El triunfo del chandal

(Imagen DALL·E)

ISRAEL DAVID MARTÍNEZ    DIC. 14, 2024

Era una tarde de junio, y el sol parisino derramaba su luz dorada sobre las mesas del Café de Flore. En una esquina sombreada, Karl Lagerfeld, ataviado con un traje de lana gris impecablemente cortado, levantó una ceja mientras encendía un cigarrillo. Frente a él, Yves Saint Laurent, con su chaqueta de terciopelo negro y su mirada ligeramente ausente, jugueteaba con la cucharilla de su café. Conversaban, casi sin mirarse, sobre la dirección que tomaba la moda, los tejidos, los cortes, la inminente muerte del sombrero como accesorio cotidiano. Había algo solemne en aquella escena, como si ambos entendieran que la elegancia, ese tótem al que rendían culto, estaba a punto de ser destronado.

Se podría pensar que estas preocupaciones eran exageradas, pero mirando alrededor, uno podía ver que la preocupación tenía fundamento. Décadas después, ese Café de Flore, otrora un altar para el estilo, se llenaría de turistas en leggings y zapatillas gruesas. Las calles que habían sido pasarelas improvisadas, donde las parisinas caminaban con gabardinas de cintura ajustada y los hombres llevaban pañuelos de seda en el bolsillo del pecho, se transformarían en un desfile de sudaderas con capucha y camisetas gráficas.

¿Cómo llegamos aquí? ¿Dónde quedó la promesa de la elegancia cotidiana, esa idea de que salir al mundo requería un mínimo de esfuerzo estético? La respuesta no es tan simple. No fue un golpe de estado, sino más bien una invasión lenta, insidiosa. Empezó en los años 80, cuando la obsesión por el fitness tomó al mundo por asalto. La ropa deportiva —antes relegada a los gimnasios o las pistas de atletismo— comenzó a infiltrarse en otros aspectos de la vida cotidiana. Pero no fue hasta la última década, con el auge de “athleisure”, que la ofensiva fue total.

En su esencia, el “athleisure” prometía algo tentador, la posibilidad de estar cómodo sin renunciar al estilo. Marcas como Lululemon, Nike y Adidas no solo vendían prendas, sino una aspiración de dinamismo, salud y modernidad. La pandemia de COVID-19 fue el golpe final para la moda tradicional. Con millones de personas trabajando desde casa, los blazers y las corbatas fueron relegados al fondo del armario, mientras que los pantalones de chándal se convirtieron en el uniforme oficial de la cuarentena.

Pero esta transformación no solo ocurrió por comodidad. También tiene raíces más profundas, culturales.

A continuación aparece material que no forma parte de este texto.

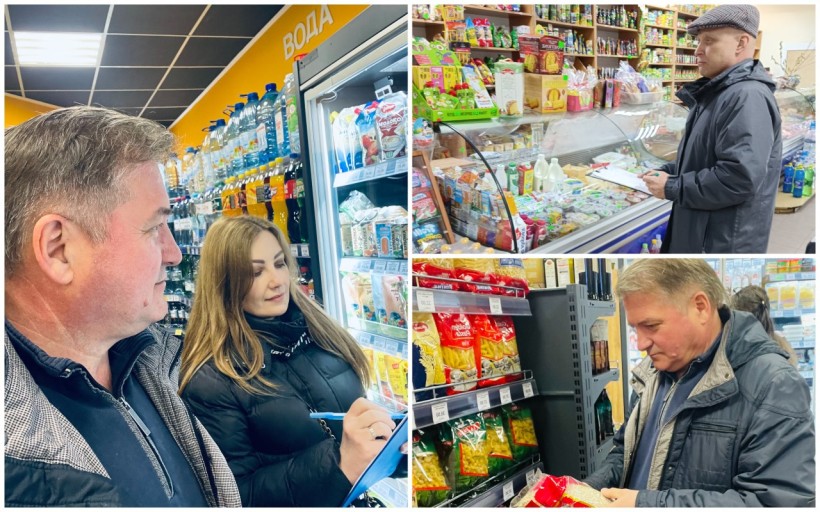 На малюнку - колаж із фото з людьми в приміщенні супермаркету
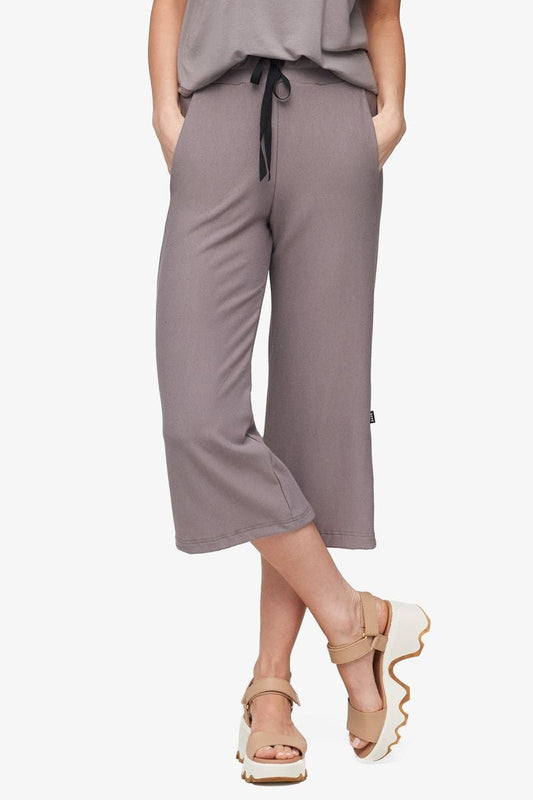 Freedom Wide Leg Crop - Women's Basic Pant in Driftwood - Front | Daub + Design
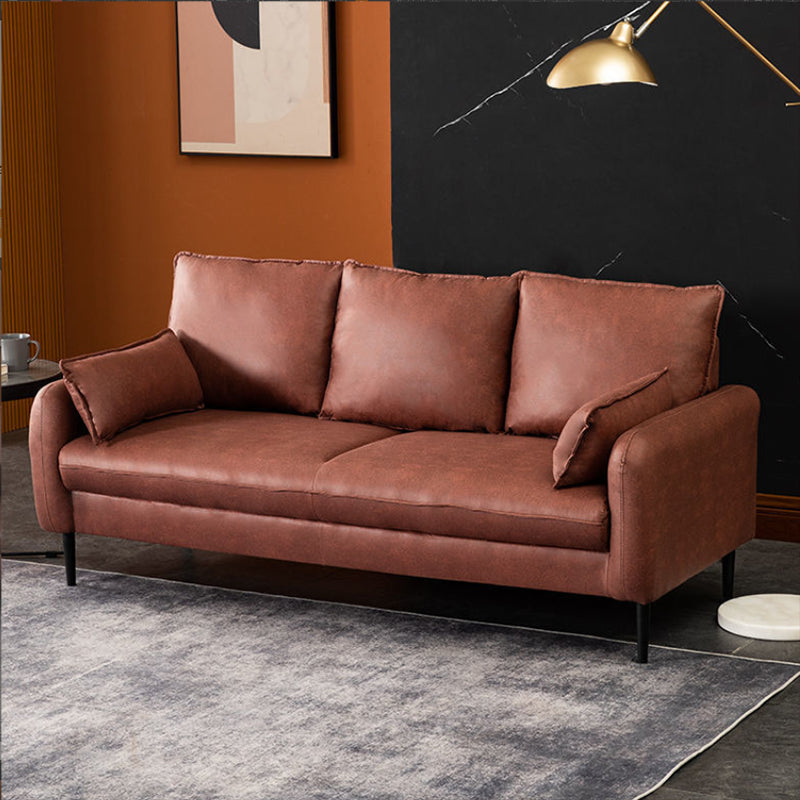 Contemporary Faux Leather Sofa with 3 Pillows Square Arm Living Room Settee
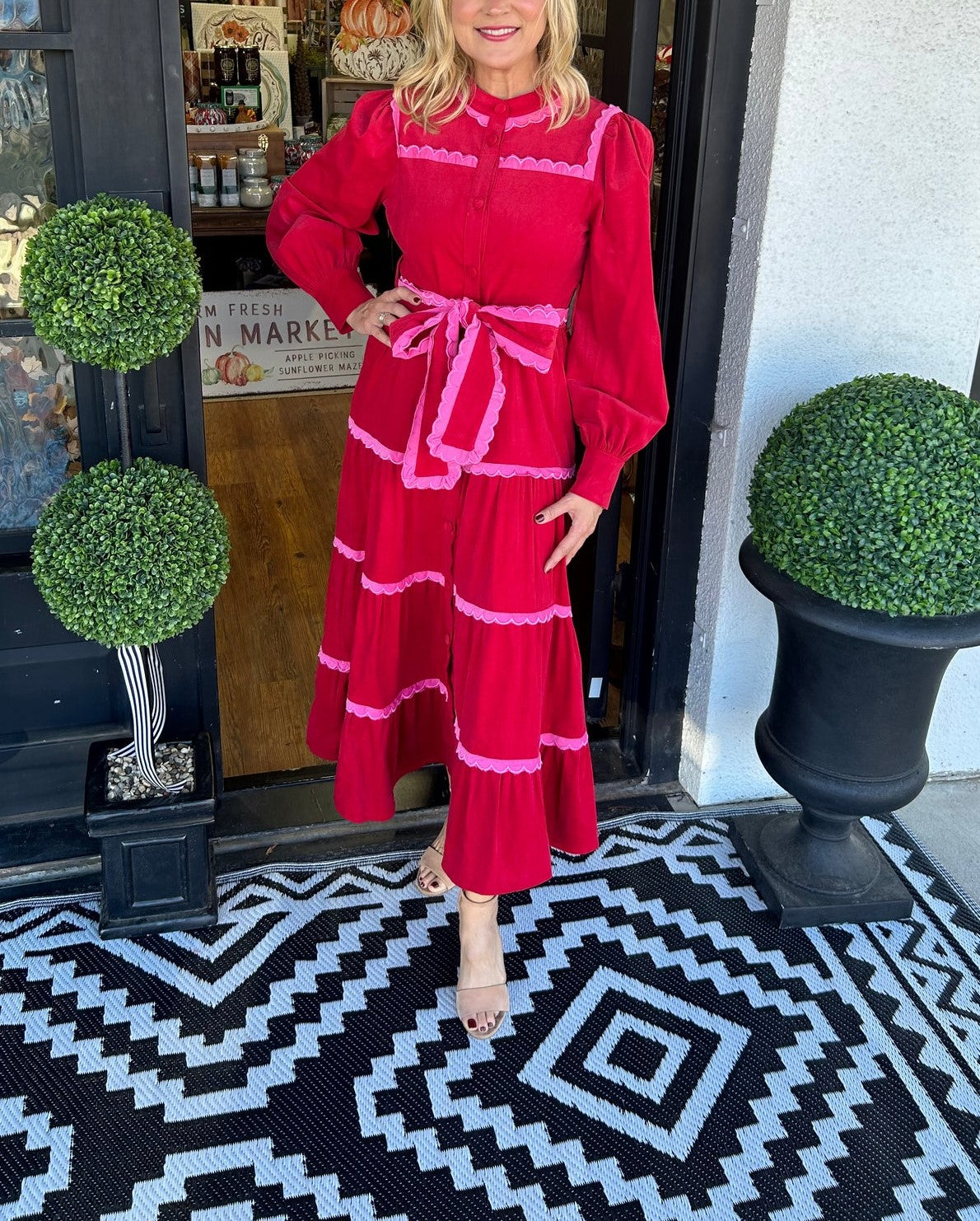 Women's Button Down Scalloped Tiered Dress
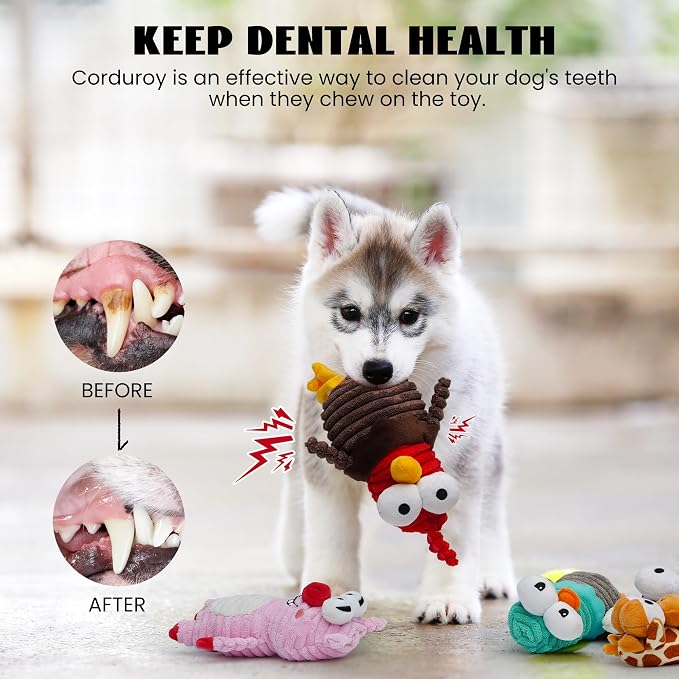 Nocciola 5-Pack Squeaky Dog Toys, Durable Stuffed Critter Zoo Dog Toys with Unique Squeak Sounds to Keep Dogs Busy, Puppy Toys for Small, Medium, and Large Dogs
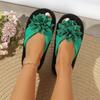 Damen Winter Flip-Flop Hausschuhe, Warme Plattform-Hausschuhe mit Fleece-Futter und 3D-Blume in Rosa, Rutschfest für Innen und Außen, Kaltwetter Hausschuhe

La ropa deportiva no solo es funcional; lleva consigo una carga simbólica. Vestir unos leggings de marca o unas zapatillas exclusivas es un acto de pertenencia, un guiño a la cultura pop, una afirmación de que estamos “en movimiento”, aunque sea solo hacia la cafetería más cercana.

Y sin embargo, hay algo melancólico en todo esto. Cuando Lagerfeld dijo: “El chándal es una señal de derrota”, capturó esa pérdida tácita de algo intangible. No se trata solo de telas y cortes; se trata de la teatralidad del vestir, de esa pequeña ficción diaria que nos permite salir al mundo sintiéndonos más grandes, más interesantes, más nosotros mismos.

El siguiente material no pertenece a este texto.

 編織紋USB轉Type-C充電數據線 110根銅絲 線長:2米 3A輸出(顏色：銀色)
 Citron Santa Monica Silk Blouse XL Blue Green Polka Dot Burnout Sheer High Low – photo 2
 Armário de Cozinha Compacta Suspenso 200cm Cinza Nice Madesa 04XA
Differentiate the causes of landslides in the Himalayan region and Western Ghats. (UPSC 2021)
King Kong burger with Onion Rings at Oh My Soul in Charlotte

Ahora, si uno pasea por el Café de Flore, verá menos terciopelos y más poliéster técnico. Pero quizá la elegancia no ha desaparecido del todo. Quizá, como cualquier cosa en la moda, solo ha cambiado de forma. Después de todo, la moda es, en el fondo, un espejo de los tiempos. Y estos tiempos, con toda su rapidez, su comodidad y su caos, están gritando: “Adáptate o muere”.

¿Lo que queda? Una nostalgia suave por aquellos días en los que el simple acto de abrocharse una chaqueta bien cortada era, de alguna manera, una declaración de resistencia.